Europe28: one Europe, one Market

In today’s geopolitical landscape, marked by growing competition among major economic blocs, Europe’s priority must be to strengthen its own economic base by completing the Single Market. Only by fully leveraging the scale of its 450 million consumers can the EU remain a relevant global actor, compete effectively, and build the financial and industrial capacity needed in a world where internal economic strength is the foundation of geopolitical influence. Deepening integration in capital, energy and telecommunications requires political courage and difficult trade-offs, yet without tackling these foundational issues, Europe’s growth and sovereignty will remain constrained. 

The Jacques Delors Friends of Europe Foundation has launched a Coalition of Action to gather business, trade unions, academia, civil society and institutions behind one clear timeline: building momentum and deliverables towards completing the Single Market by 2028. It is building on the recommendations of the Letta report and the commitments of the European Commission towards ‘One Europe-One Market’. The focus is practical and urgent: breaking down the barriers to integrate our underdeveloped and fragmented financial markets, create the opportunity for firms to scale up in Europe and solve its governance issues for a European growth strategy. 
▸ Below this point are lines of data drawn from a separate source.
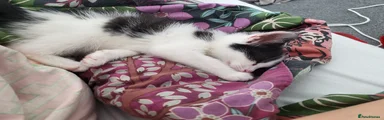 Mixed Breed Kitten 2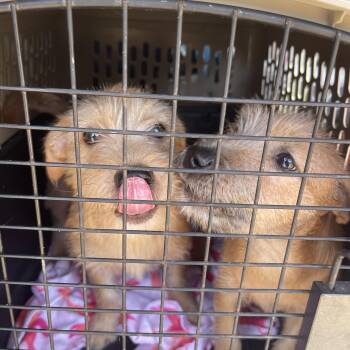 Sabrina -  Cairn Terrier and Border Terrier Dog for Adoption in Gainesville, Virginia - Sabrina | PetCurious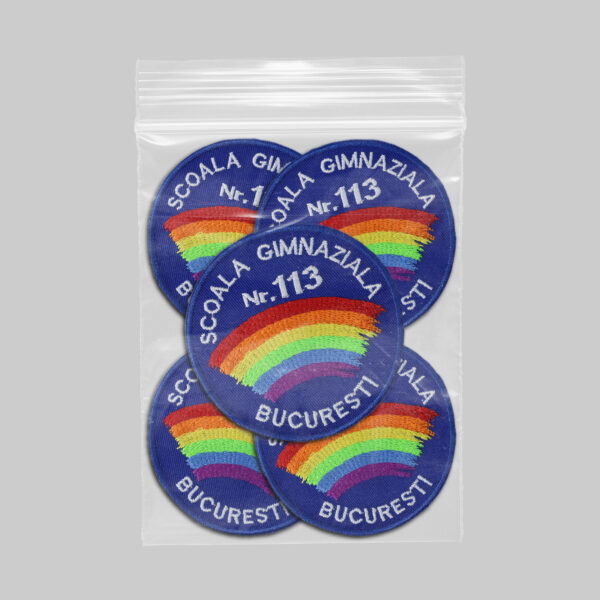 Scoala Gimnaziala nr 113 Bucuresti v1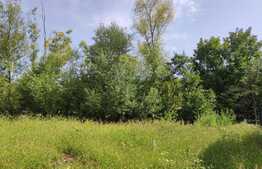 Teren cu autorizatie de constructie, 385 mp, zona Denver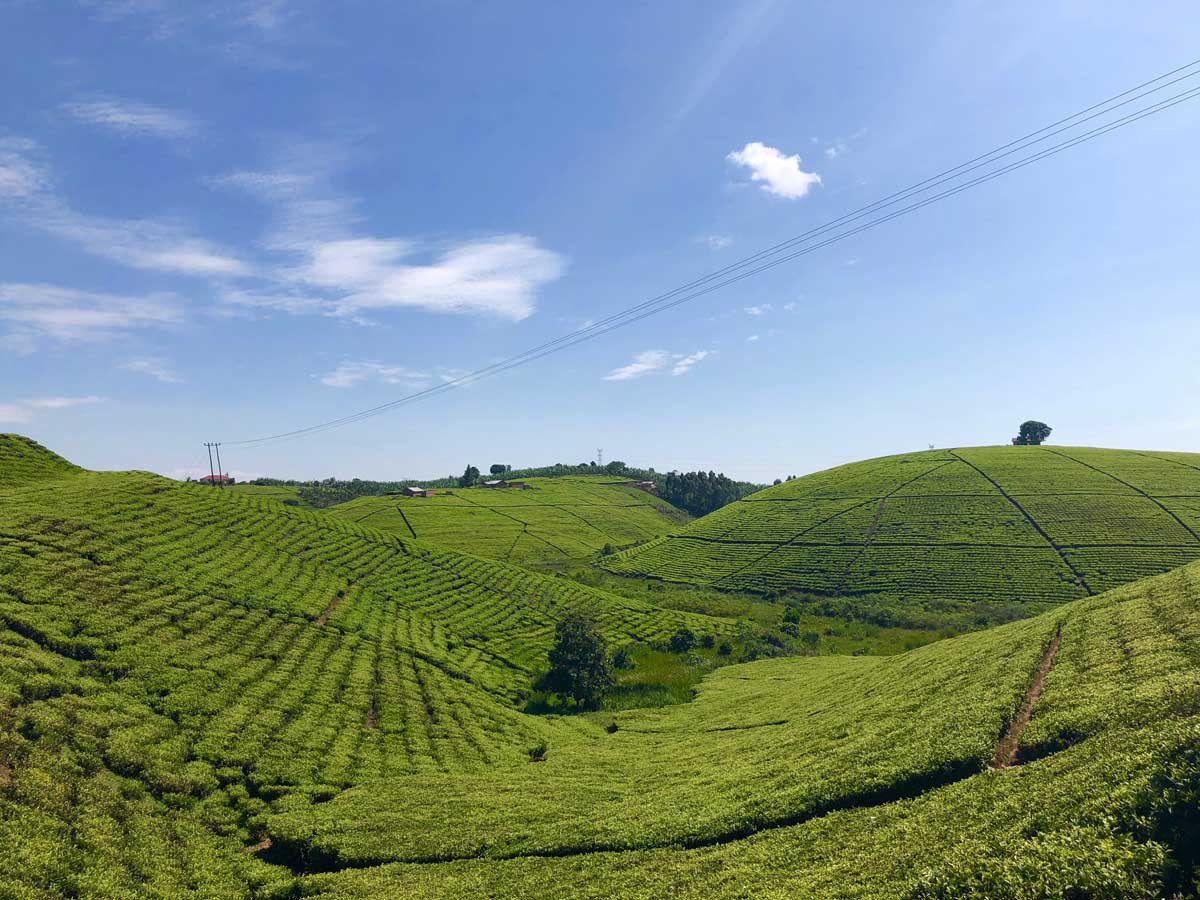 Uganda Tea Fields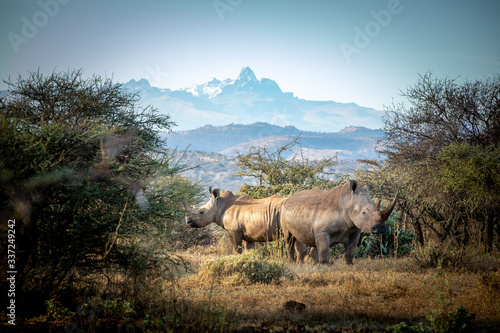 Photographie white rhino in the wild, mount kenya in the background
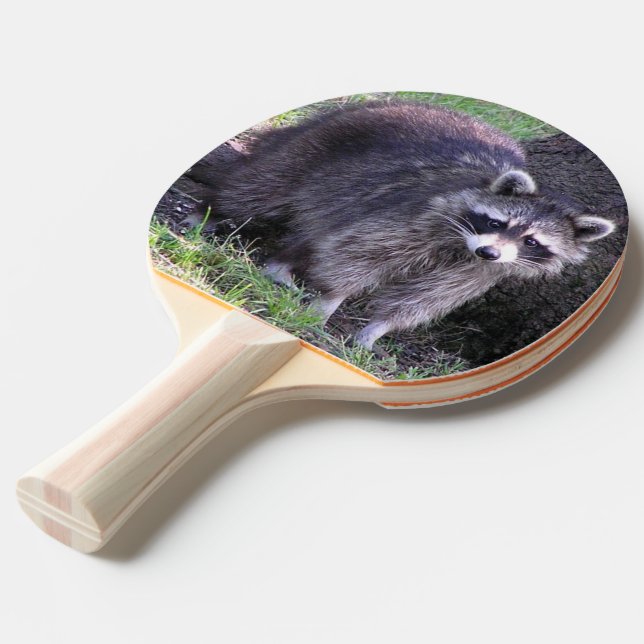 Rocky the Racoon Ping Pong Paddle (Back Angle)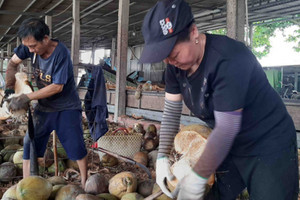 Loại quả "chất lượng nhất thế giới" của Việt Nam được Mỹ, Trung Quốc xếp hàng săn đón, là 'quả vàng, quả bạc' rất tốt cho tim, da và giảm cân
Framed by the Single Market 2028 campaign framework, the Summit will focus on three priority areas: Savings and investments union, a 28th regime and accelerated decision-making. It will define what success looks like for businesses and citizens, while kicking off a European roadshow for the second half of the year. Discussions aim at identifying concrete roadblocks and build momentum for immediate action and will be grounded in data – including citizen insights on expectations for competitiveness, fairness and economic opportunities – to ensure the narrative resonates beyond Brussels.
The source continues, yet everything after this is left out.